During a 1984 hearing concerning legislation that would have required two rather than three convictions for an Armed Career Criminal Act violation, Assistant Attorney General Stephen S. Trott stated the following:
These are people who have demonstrated, by virtue of their definition, that locking them up and letting them go doesn’t do any good. They go on again, you lock them up, you let them go, it doesn’t do any good, they are back for a third time. At that juncture, we should say, “That’s it; time out, it is all over. We, as responsible people, will never give you the opportunity to do this again.
Trott Testimony, supra, at 64. Thus, it is clear that section 1202(a) is aimed at recidivists, not at individuals who commit three acts that result in three convictions.
I would follow the lead of the Eighth Circuit in United States v. Petty, 828 F.2d 2 (8th Cir.1987), and hold that something more than three convictions is required. In Petty, the Eighth Circuit held that defendant’s six convictions for six armed robberies committed together against six different persons in a restaurant were insufficient to justify imposing an enhanced sentence under section 1202(a). Here, where two of the three convictions stemmed from burglaries that occurred on the same night, I would hold that section 1202(a) was not intended to, and therefore does not, apply.

. The majority implies that the Supreme Court has already ruled on whether the term "convictions” bears any ambiguity for present purposes.

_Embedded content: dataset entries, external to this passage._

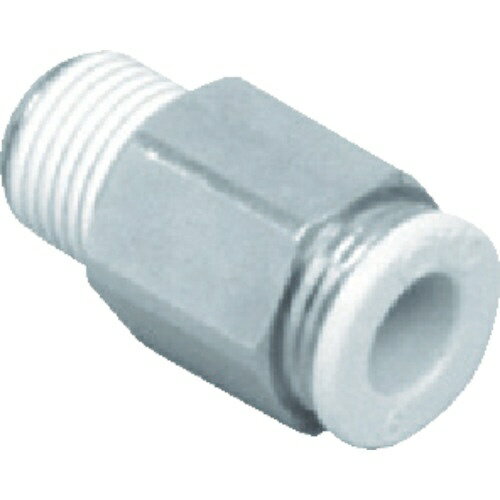 CKD�å��������ǥ� �˥塼���祤��ȡ����ȥ졼�ȥ����ס�GWS610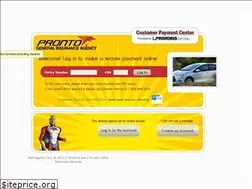 Sites similar to hhpayment.com
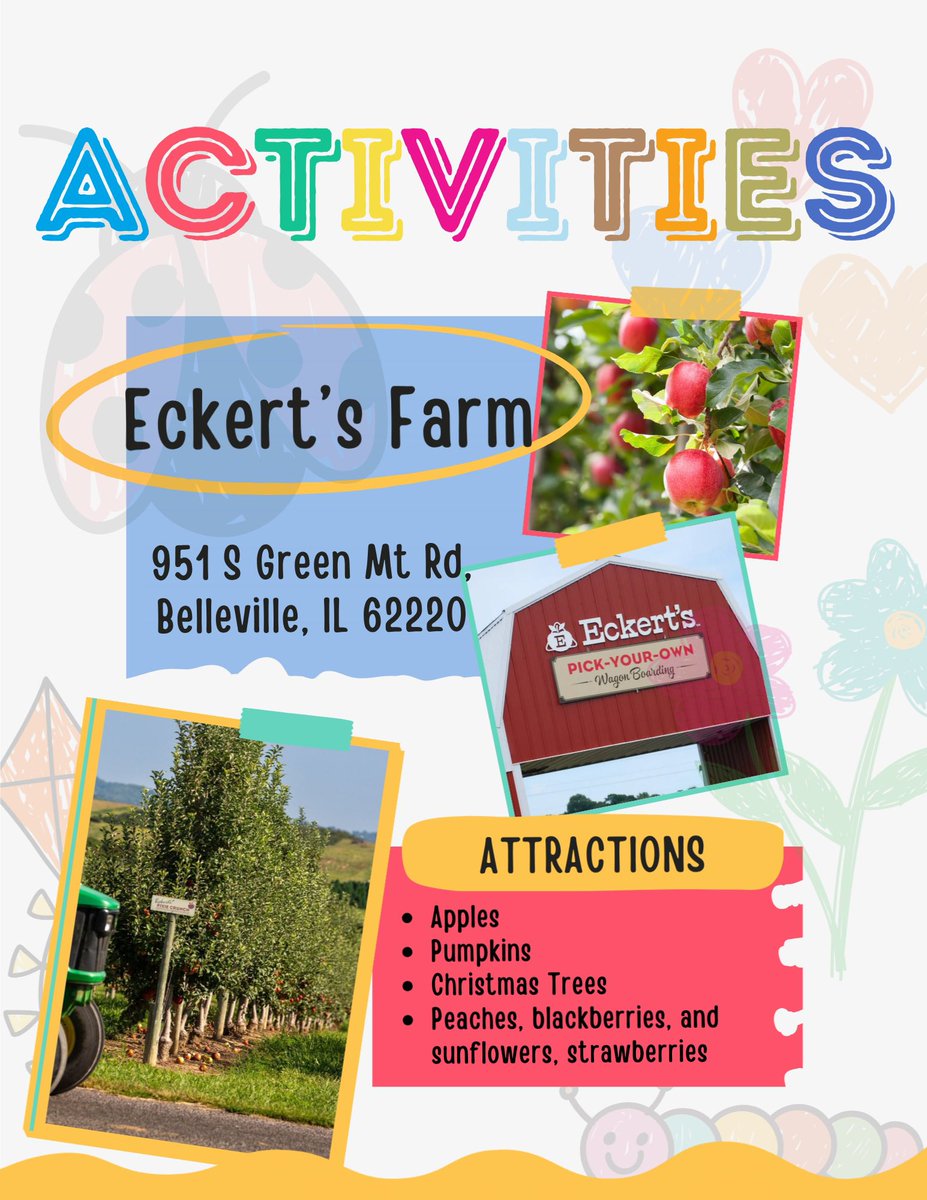 _OgStu's tweet image. From fresh air to farm finds, local adventures hit different when it&apos;s dad leading the way. A Supporting small spots, making big memories, and teaching the next generation what it means to explore St. Louis together.
#DiamondMagazine #IdeasForDads #STLAdventures #314
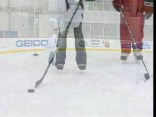 Action From Capitals Media Camp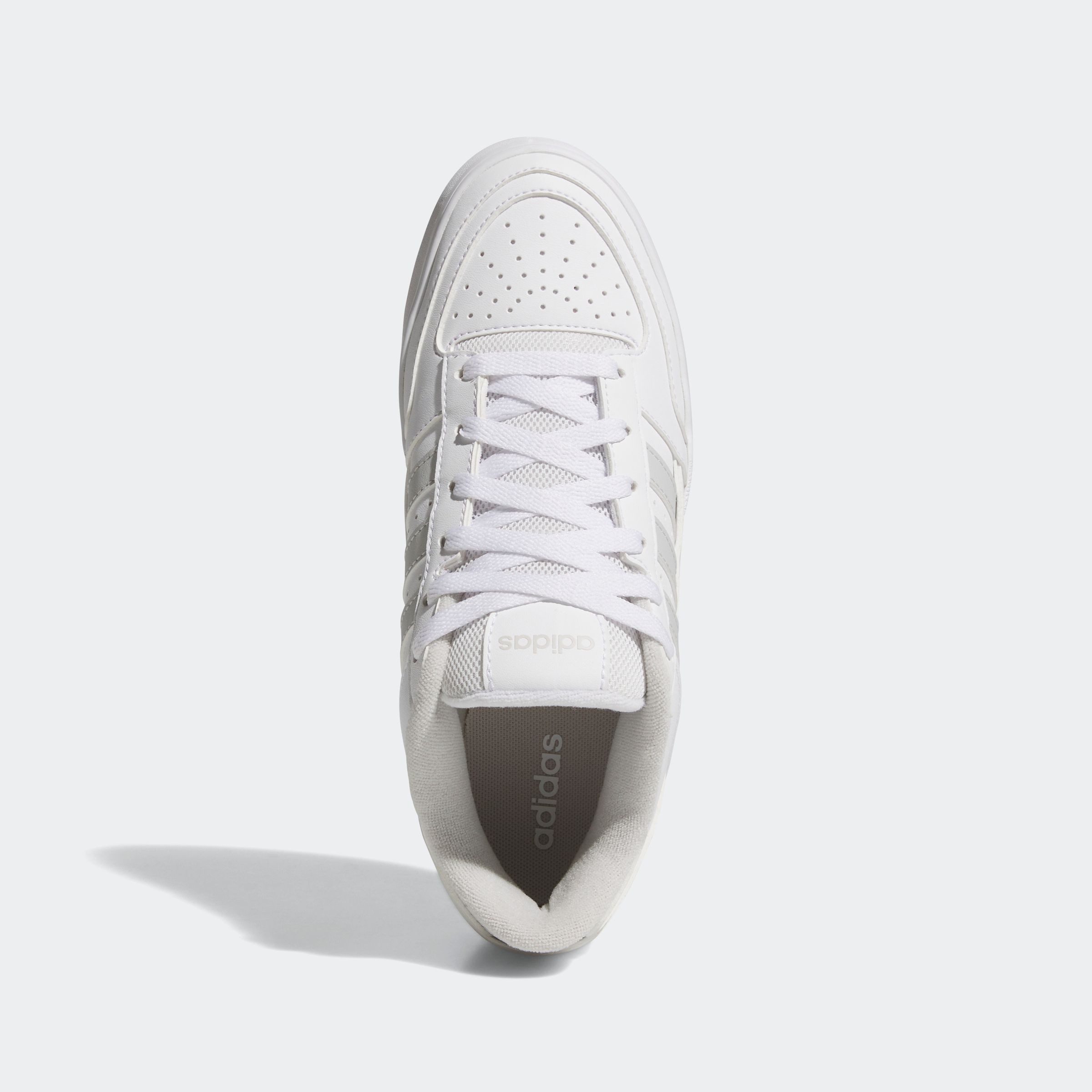 adidas Sportswear Sneakers TURNAROUND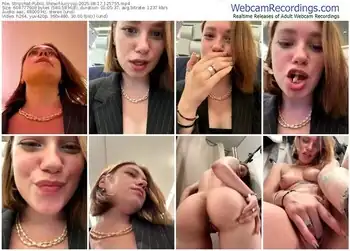 stripchat-lucy-joy-08-17-2025-12-57-55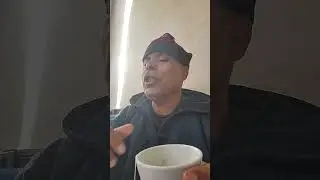 تحية لحمر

Majority Opinion at 193. However, in the case cited by the majority for this point, Lewis v. United States, 445 U.S. 55, 100 S.Ct. 915, 63 L.Ed.2d 198 (1980), the Supreme Court found that section 1202(a) is unambiguous only with regard to whether a defendant could challenge the validity of a prior conviction in fighting a section 1202(a) charge. The Supreme Court's ruling in Lewis has no bearing on the problem before us in the present case.